“I call myself an illustrator but I am not an illustrator. Instead I paint story-telling pictures which are quite popular but unfashionable”
– Norman Rockwell
Norman Rockwell (February 3, 1894 – November 8, 1978) was an American painter and illustrator. In 2012, people who’d posed for paintings by this most American of artists, whose covers for the Saturday Evening Post seemed to represent the cosy immediacy of life in the USA, were photographed alongside them.
In the paintings, we see what Rockwell sees. What we don’t see can be every bit as revealing. And we saw a lot of Rockwell – 317 covers Post covers, each sent to the publication’s four million subscribers. The Post played a key role in shaping the way people felt about their country before TV killed it. Rockwell’s pictures had power, reinforcing ideals and in the Second World War reminding Americans what they were fighting for.

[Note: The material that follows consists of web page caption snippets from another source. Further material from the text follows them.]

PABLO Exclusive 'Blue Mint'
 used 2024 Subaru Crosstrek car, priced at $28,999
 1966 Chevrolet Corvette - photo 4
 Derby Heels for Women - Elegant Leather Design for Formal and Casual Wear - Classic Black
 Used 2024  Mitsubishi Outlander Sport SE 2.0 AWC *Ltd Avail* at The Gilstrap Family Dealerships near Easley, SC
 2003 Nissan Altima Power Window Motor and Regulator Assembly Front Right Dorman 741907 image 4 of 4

“Years ago,” Rockwell recalled “a magazine editor told me never to paint Negroes in any position except servants.” Black faces did appear in his work and in magazines the 1960s, as vociferous campaigning for civil right forced America to examine its conscience. His work Freedom’s Legacy for Look magazine shows Ruby Bridges, a black girl integrating a white New Orleans school. Murder in Mississippi illustrates of the deaths of civil rights activists James Chaney, Andrew Goodman and Michael Schwerner at the hands of the KKK. Rockwell’s pre-war cheery, harmonious escapism was not everyone’s America.
The creative process for such a prolific artist was routine. Rockwell would often begin with a photograph of an idea. Once the photograph was made, Rockwell used tracing and painting make his picture. He never painted freehand, and most of his paintings were commissioned by magazines and advertising agencies.
Writing in 1957, critic Wright Morris summed up Rockwell’s appeal:
He has taught a generation of Americans to see. They look about them and see, almost everywhere they look, what Norman Rockwell sees. The tomboy with the black eye, in the doctor’s waiting room; the father discussing the Facts of Life with his teen-age son; the youth in the dining car on his first solo flight from home; and the family in the car, headed for an outing, followed by the same family on the tired ride home.
The convincing realism of the details, photographic in their accuracy, is all subtly processed through a filter of sentiment. It is this sentiment that heightens the reality, making it for some an object of affection, for others — a small minority — an object of ridicule. It all depends on that intangible thing: the point of view.
The above pictures formed an exhibition at the Bennington Museum on Friday, Sept. 28, 2012, in Bennington, Vt. The image below did not. We see Mary Doyle Keefe, model for Norman Rockwell’s Rosie the Riveter, for a 29 May 1943 issue of the Post.
Keefe grew up in Arlington, Vermont, where she met Rockwell, who lived in West Arlington. She posed for his painting when she was a 19-year-old telephone operator, earning $5 for each of two mornings she sat for Rockwell. “You sit there and he takes all these pictures,” Keefe told the Associated Press in 2002. “They [Rockwwll and photographer Gene Pelham] called me again to come back because he wanted me in a blue shirt and asked if I could wear penny loafers.”
Lead image: Above, we see Tom Paquin of North Bennington, Vt., posing with a 1950 Saturday Evening Post illustration by Norman Rockwell for which he modelled.